• Exercise
Please give back, word for word, only the lines starting at the one containing "Hombre con corte" and ending at the one containing "832 - A metal" within the material below.

::: Extracted entries

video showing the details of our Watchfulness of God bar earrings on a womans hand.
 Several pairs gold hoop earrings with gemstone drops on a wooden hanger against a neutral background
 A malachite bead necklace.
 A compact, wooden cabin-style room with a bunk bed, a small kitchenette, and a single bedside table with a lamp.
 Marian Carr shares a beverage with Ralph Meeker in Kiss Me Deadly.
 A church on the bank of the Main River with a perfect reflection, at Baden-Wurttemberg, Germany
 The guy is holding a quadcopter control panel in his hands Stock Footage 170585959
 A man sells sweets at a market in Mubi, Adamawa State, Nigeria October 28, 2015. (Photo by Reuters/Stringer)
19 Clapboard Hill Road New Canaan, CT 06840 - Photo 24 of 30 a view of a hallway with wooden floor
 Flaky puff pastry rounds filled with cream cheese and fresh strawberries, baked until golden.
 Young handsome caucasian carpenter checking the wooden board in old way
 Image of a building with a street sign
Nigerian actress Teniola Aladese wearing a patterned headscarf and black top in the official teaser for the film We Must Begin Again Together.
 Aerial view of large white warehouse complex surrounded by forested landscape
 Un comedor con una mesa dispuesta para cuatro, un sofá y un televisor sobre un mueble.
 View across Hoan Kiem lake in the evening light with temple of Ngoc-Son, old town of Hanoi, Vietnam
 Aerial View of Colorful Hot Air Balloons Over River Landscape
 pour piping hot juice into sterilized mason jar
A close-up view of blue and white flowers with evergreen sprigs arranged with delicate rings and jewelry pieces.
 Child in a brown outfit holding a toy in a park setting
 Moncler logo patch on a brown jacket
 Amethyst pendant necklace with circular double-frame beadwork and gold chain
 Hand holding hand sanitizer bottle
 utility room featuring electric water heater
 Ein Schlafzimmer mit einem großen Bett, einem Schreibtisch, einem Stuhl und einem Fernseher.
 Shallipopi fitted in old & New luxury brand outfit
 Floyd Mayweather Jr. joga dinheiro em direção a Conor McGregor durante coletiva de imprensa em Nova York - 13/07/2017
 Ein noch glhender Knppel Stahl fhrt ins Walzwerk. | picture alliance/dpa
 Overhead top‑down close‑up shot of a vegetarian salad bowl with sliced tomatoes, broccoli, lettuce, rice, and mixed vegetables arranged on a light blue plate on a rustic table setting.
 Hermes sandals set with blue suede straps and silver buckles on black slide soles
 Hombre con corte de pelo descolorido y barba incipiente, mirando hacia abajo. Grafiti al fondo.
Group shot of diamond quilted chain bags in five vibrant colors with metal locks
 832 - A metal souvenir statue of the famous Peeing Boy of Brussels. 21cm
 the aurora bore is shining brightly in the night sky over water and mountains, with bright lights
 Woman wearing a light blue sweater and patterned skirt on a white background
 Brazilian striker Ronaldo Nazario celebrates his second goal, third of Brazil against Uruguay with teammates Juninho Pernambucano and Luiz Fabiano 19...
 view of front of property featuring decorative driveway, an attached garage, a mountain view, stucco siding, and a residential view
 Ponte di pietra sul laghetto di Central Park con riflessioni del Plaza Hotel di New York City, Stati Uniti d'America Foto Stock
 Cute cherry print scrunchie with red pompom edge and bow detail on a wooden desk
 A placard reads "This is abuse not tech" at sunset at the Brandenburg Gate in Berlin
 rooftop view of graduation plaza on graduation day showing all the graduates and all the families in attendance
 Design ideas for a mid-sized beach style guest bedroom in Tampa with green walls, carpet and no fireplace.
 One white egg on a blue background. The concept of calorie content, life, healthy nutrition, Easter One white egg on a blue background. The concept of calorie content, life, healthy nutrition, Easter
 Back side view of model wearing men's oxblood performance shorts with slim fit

::::::

• Result below
 Hombre con corte de pelo descolorido y barba incipiente, mirando hacia abajo. Grafiti al fondo.
Group shot of diamond quilted chain bags in five vibrant colors with metal locks
 832 - A metal souvenir statue of the famous Peeing Boy of Brussels. 21cm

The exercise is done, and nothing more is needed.